» EXTRACTED ENTRIES:
········

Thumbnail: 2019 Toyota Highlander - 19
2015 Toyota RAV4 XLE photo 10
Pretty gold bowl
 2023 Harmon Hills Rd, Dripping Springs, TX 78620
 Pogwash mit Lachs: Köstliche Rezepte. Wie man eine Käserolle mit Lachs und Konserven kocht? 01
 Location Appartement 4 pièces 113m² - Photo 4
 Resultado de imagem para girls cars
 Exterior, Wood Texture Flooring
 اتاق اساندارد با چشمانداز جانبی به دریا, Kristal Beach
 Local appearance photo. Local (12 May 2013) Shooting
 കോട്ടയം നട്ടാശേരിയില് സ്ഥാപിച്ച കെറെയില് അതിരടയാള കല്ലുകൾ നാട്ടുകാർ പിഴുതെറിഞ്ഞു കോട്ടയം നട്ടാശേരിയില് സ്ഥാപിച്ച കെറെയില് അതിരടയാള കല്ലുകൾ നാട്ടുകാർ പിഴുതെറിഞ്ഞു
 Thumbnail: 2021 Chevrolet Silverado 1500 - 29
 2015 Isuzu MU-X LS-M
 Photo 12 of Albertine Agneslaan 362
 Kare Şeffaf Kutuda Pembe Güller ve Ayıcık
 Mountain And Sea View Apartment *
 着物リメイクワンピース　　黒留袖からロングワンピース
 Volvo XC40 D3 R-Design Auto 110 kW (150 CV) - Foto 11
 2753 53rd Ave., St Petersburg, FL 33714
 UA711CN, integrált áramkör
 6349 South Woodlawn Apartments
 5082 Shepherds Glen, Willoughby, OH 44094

········

» PROBLEM REQUIREMENTS:
Each entry above is to be set down again in exactly the same words.

» ANSWER BOX:
Thumbnail: 2019 Toyota Highlander - 19
2015 Toyota RAV4 XLE photo 10
Pretty gold bowl
 2023 Harmon Hills Rd, Dripping Springs, TX 78620
 Pogwash mit Lachs: Köstliche Rezepte. Wie man eine Käserolle mit Lachs und Konserven kocht? 01
 Location Appartement 4 pièces 113m² - Photo 4
 Resultado de imagem para girls cars
 Exterior, Wood Texture Flooring
 اتاق اساندارد با چشمانداز جانبی به دریا, Kristal Beach
 Local appearance photo. Local (12 May 2013) Shooting
 കോട്ടയം നട്ടാശേരിയില് സ്ഥാപിച്ച കെറെയില് അതിരടയാള കല്ലുകൾ നാട്ടുകാർ പിഴുതെറിഞ്ഞു കോട്ടയം നട്ടാശേരിയില് സ്ഥാപിച്ച കെറെയില് അതിരടയാള കല്ലുകൾ നാട്ടുകാർ പിഴുതെറിഞ്ഞു
 Thumbnail: 2021 Chevrolet Silverado 1500 - 29
 2015 Isuzu MU-X LS-M
 Photo 12 of Albertine Agneslaan 362
 Kare Şeffaf Kutuda Pembe Güller ve Ayıcık
 Mountain And Sea View Apartment *
 着物リメイクワンピース　　黒留袖からロングワンピース
 Volvo XC40 D3 R-Design Auto 110 kW (150 CV) - Foto 11
 2753 53rd Ave., St Petersburg, FL 33714
 UA711CN, integrált áramkör
 6349 South Woodlawn Apartments
 5082 Shepherds Glen, Willoughby, OH 44094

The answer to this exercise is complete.